Krise bei Hertha BSC: Träume kann man nicht kaufen

Lars Windhorst steht jetzt da, wo ein Investor im deutschen Fußball hingehört: am Spielfeldrand. Für Berlins traditionsreichsten Verein hat die atemlose Trennung auch Vorteile.

Ein Kommentar von Robert Ide

Härter geht’s bei Hertha immer. Was die Fans des ältesten Fußball-Bundesligisten seit 130 Jahren spüren, wird Berlin und Deutschland mit atemlosen Volten vorgespielt: Hertha BSC, Berliner Sportklub und Sehnsuchtsfläche, stellt sich auf immer neue Art ein Bein. Auf dem Rasen und erst recht daneben.

Die Fans wehrten sich gegen die Einverleibung des Klubs

Diesmal hat sich Investor Lars Windhorst daneben benommen – und schmeißt jetzt hin. Offensichtlich erwischt bei einer heimlich in Auftrag gegebenen Schmutzkampagne gegen den alten Vereinspräsidenten Werner Gegenbauer, wurde er vom neuen Präsidenten Kay Bernstein an den Spielfeldrand gedrängt. An den gehört ein Investor im deutschen Fußball sowieso. Doch die Liga spielt zuweilen nicht nach ihren eigenen Regeln: Damit auch der Ball im Osten vorbeirollt, ließ sie in Leipzig das von „Red Bull“ in „Rasenballsport“ umgetaufte Marketingkonstrukt als Sportverein zu, obwohl es keiner ist.

Andere Choreografie in der Ostkurve des Berliner Olympiastadions: Hier wehrte sich eine stabile, in der Stadt sozial engagierte Fanbasis gegen die Einverleibung ihres Klubs. Der Streit brachte die ganze Hertha zum Rasen: Nun hat Windhorst keinen Bock und vielleicht auch kein Geld mehr.

Investor Lars Windhorst wollte aus Hertha einen europäischen Topklub machen, Jürgen Klinsmann sollte ihm dabei helfen, floh aber.
Investor Lars Windhorst wollte aus Hertha einen europäischen Topklub machen, Jürgen Klinsmann sollte ihm dabei helfen, floh aber.

© Imago/Nordphoto

Der gekaufte Traum war ein anderer: Der postulierte „Big City Club“ sollte mit Trainer Jürgen Klinsmann und Meisterschale durchs Brandenburger Tor ziehen; Windhorsts wechsel- und zuweilen zweifelhafte Vita in der Erfolgssonne ausgeblichen werden. Stattdessen spielte Hertha, überfordert von Erwartungen, gegen den Abstieg und verlor die fußballerische Vorherrschaft in der Hauptstadt an den Köpenicker Kiezklub 1. FC Union. Eine filmreife Saga ohne Happy End in Westend.
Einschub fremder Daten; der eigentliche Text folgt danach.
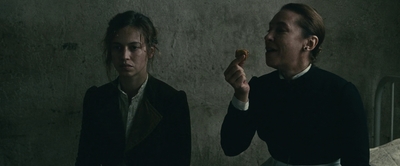The_Mad_Womens_Ball_mp45219.jpg
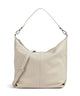 Liebeskind Paris Small Pebble M Sac fourre-tout milk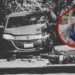 Identifican como militar a joven motociclista fallecido en accidente en Usulután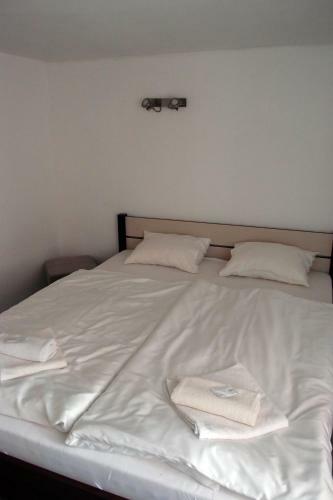 Hostal Penzion Slanina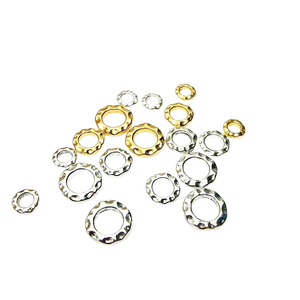 Por favor, proporcione el contenido del título que necesita revisión. Revisaré y corregiré las errores de ortografía de palabras en inglés. - Product Image 2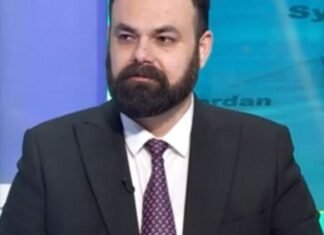 Salary deduction is a dictatorial and military decision using the term implement and discuss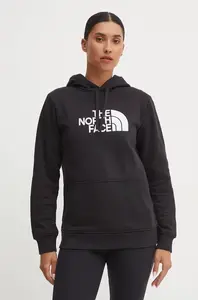 The North Face  Mikina  Drew Peak Pullover Hoodie
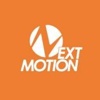 NextMotion Logo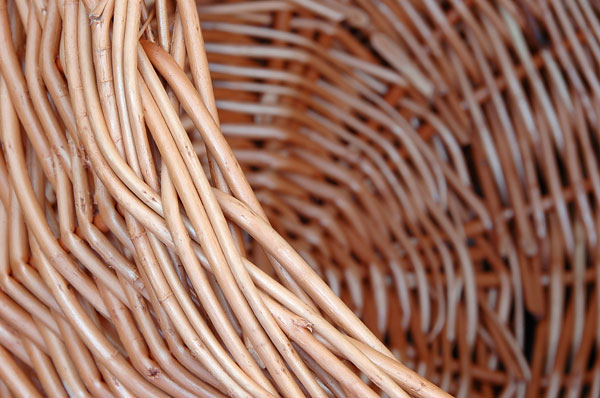 Polcenigo, sagra dei Sest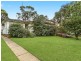25 Toby Crescent, Panania NSW 2213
Nun bietet Windhorst seine einst überteuert erworbenen Anteile von 64,7 Prozent an der Kapitalgesellschaft via Facebook feil. Bei dem Netzwerk hatte schon Klinsmann seine Flucht verkündet: „HaHoHe – Euer Jürgen!“ Jetzt wechselt sich auch der Investor selbst aus, steht vor dem Rauswurf als Vereinsmitglied. Und der erst kürzlich vom Fan-Ultra zum Präsidenten aufgestiegene Bernstein muss gleich mal bei der Investorensuche aushelfen.

Herthas Klubwert liegt wohl nur bei 180 Millionen Euro

Es läuft die Nachspielzeit eines spottreifen Spektakels. Wo kriegt Hertha jetzt 374 Millionen Euro her? Oder einen Investor, der zumindest 64,7 Prozent davon zahlt? Oder zumindest 64,7 Prozent vom tatsächlichen Klubwert, der bei 180 Millionen Euro liegen soll? Verloren ist Hertha deshalb nicht.

Drei Jahre Wahnsinn haben am Ende auch viel Gutes: Einige der Windhorst-Millionen gelten Herthas Schulden ab. Der starre Vereinspatron Gegenbauer ist weg, ebenso sein sportlich schwacher Manager Michael Preetz. Jetzt auch der Größenwahn. Big City Club? Bei Hertha will Windhorsts Worte schon lange keiner mehr hören.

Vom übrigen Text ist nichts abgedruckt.